++++ DATA BLOCK ++++

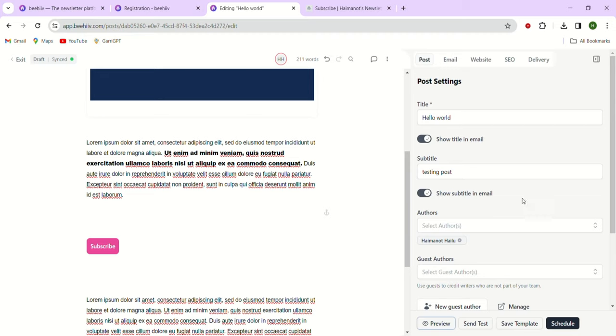That was all for today. I hope this helped you understand how the theme settings work and how crucial they are in establishing a consistent branding appearance for your newsletter. Thank you for watching.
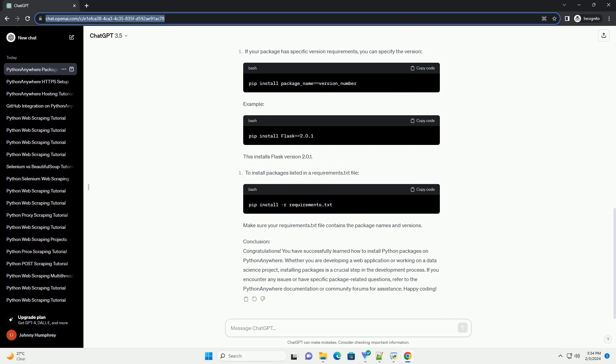Virtual Environment, optional but recommended. It's a good practice to use a virtual environment to manage your project dependencies. If you haven't created one yet, follow these steps. Replace myproject with your project name and myenv with your virtual environment name.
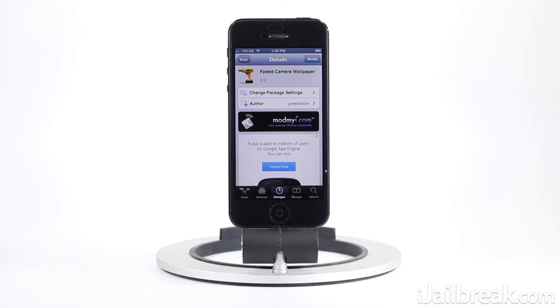This has been Jaden from iJailbreak.com — make sure you check out the site for more Cydia tweak reviews and tech news.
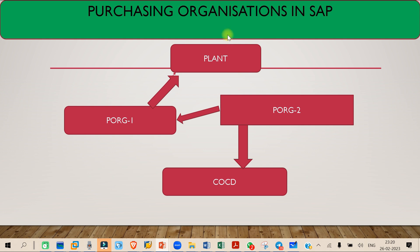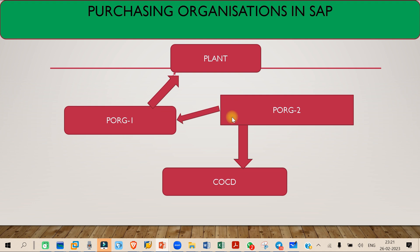To release that contract order, you need to assign the plant's purchase organization as a reference purchase organization to the central purchase organization. You have to interlink the central purchase organization to your plant specific purchase organization by making it a reference purchase organization. That way, you can release the contract which was created through the central purchase organization using the reference purchase organization.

++++

EXERCISE DESCRIPTION: Set down all the material exactly once more. No pictures.

ANSWER TO THE EXERCISE:
That was all for today. I hope this helped you understand how the theme settings work and how crucial they are in establishing a consistent branding appearance for your newsletter. Thank you for watching.
Virtual Environment, optional but recommended. It's a good practice to use a virtual environment to manage your project dependencies. If you haven't created one yet, follow these steps. Replace myproject with your project name and myenv with your virtual environment name.
This has been Jaden from iJailbreak.com — make sure you check out the site for more Cydia tweak reviews and tech news.
To release that contract order, you need to assign the plant's purchase organization as a reference purchase organization to the central purchase organization. You have to interlink the central purchase organization to your plant specific purchase organization by making it a reference purchase organization. That way, you can release the contract which was created through the central purchase organization using the reference purchase organization.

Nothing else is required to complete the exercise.